The manipulation of data and methods by researchers to attain an arbitrary 0.05 cutoff, the effective elimination of negative results by only
publishing results deemed “statistically significant”, the lack of modelling, and the lack of proper statistical decision making are all real problems within applied science today. Banning the usage of (frequentist) inferential methods does nothing to address these things. It’s like saying not enough people understand fractions, so we’re just going to get rid of division to address the problem.

Alarmingly, the editors say “the null hypothesis testing procedure is invalid”. What? No caveats? That’s news to me. Invalid under what rubric? They never say.

Interestingly, they no longer require any inferential statistics to appear in an article. I don’t actually categorically disagree with that policy—in fact, I think some research could be improved by including fewer inferential procedures—but their justification for it is ludicrous: “because the state of the art remains uncertain”. Well, then we should all stop doing any kind of science I guess. Who is practicing the
state of the art anywhere? And who gets to decide what is or is not state of the art?

Finally, the editors say this:

“BASP will require strong descriptive statistics, including effects sizes. We also encourage the presentation of frequency or distributional data when this is feasible. Finally, we encourage the use of larger sample sizes. . . because as the sample size increases, descriptive statistics become increasingly stable and sampling error less of a problem.”

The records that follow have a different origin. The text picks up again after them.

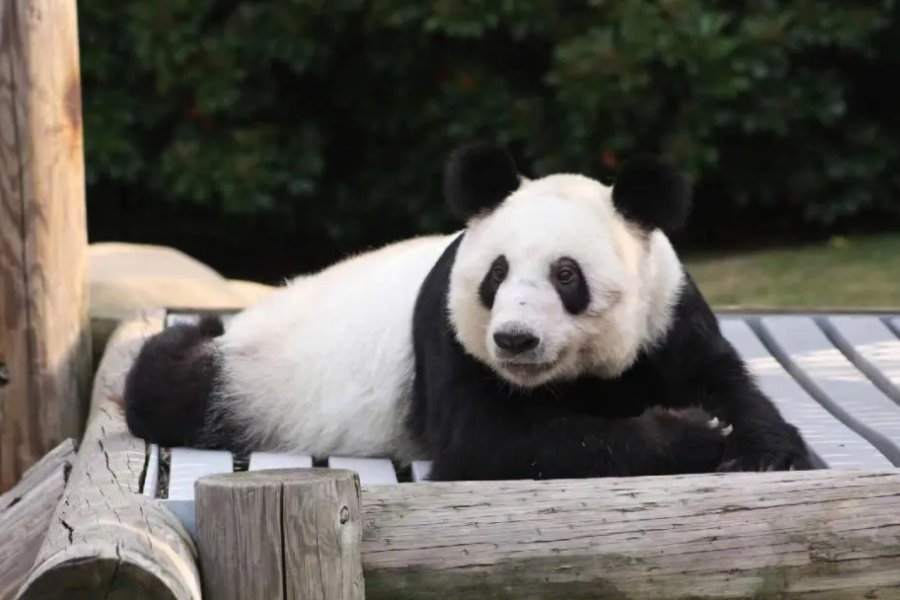 丫丫小尖脸变成小圆脸了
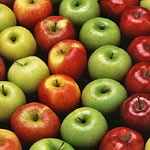 apples arranged in arching rows by color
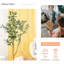Faux Fiddle Leaf Fig Tree in Cement Pot-1580831051
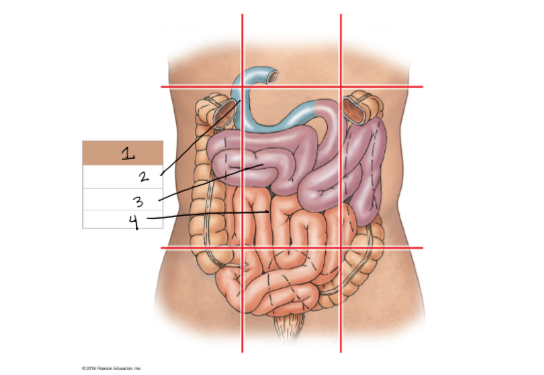 <p>3 segments of the small intestine </p>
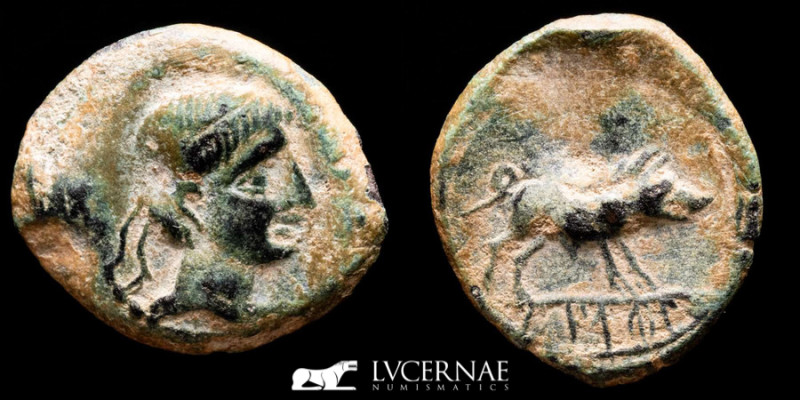 Castulo (Hispania) Bronze Quadrans 3,43 g., 17 mm. Linares 150-100 B.C. Near ext...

First off, no, as sample size increases, sampling error does not necessarily become less of a problem: that’s true only if your sampling procedure is perfectly correct to begin with, something that is likely never to be the case in an experimental psychology setting. More importantly, they basically admit here that they only want to see descriptive statistics [means, variances, etc.] and they don’t need to know any statistics the discipline doesn’t understand. Effect sizes and frequency distributions? p-values are still sitting behind all of those, whether they’re calculated or not; they are just comparative measures of these things accounting for uncertainty. The editors seem to be replacing the p-value measure with the “eyeball measure”, effectively removing any quantification of the uncertainty in the experiments or random processes under consideration. A bit misguided, in my opinion.

I could go on—in particular, about their comments on Bayesian methods—but I’ll spare you any more of my own editorializing. Part of me wonders if this move is a bit of a publicity stunt for the journal. I know nothing about psychology journals or how popular this one is, but it seems like this type of move would certainly generate a lot of attention. I do hope though that other journals will not follow suit.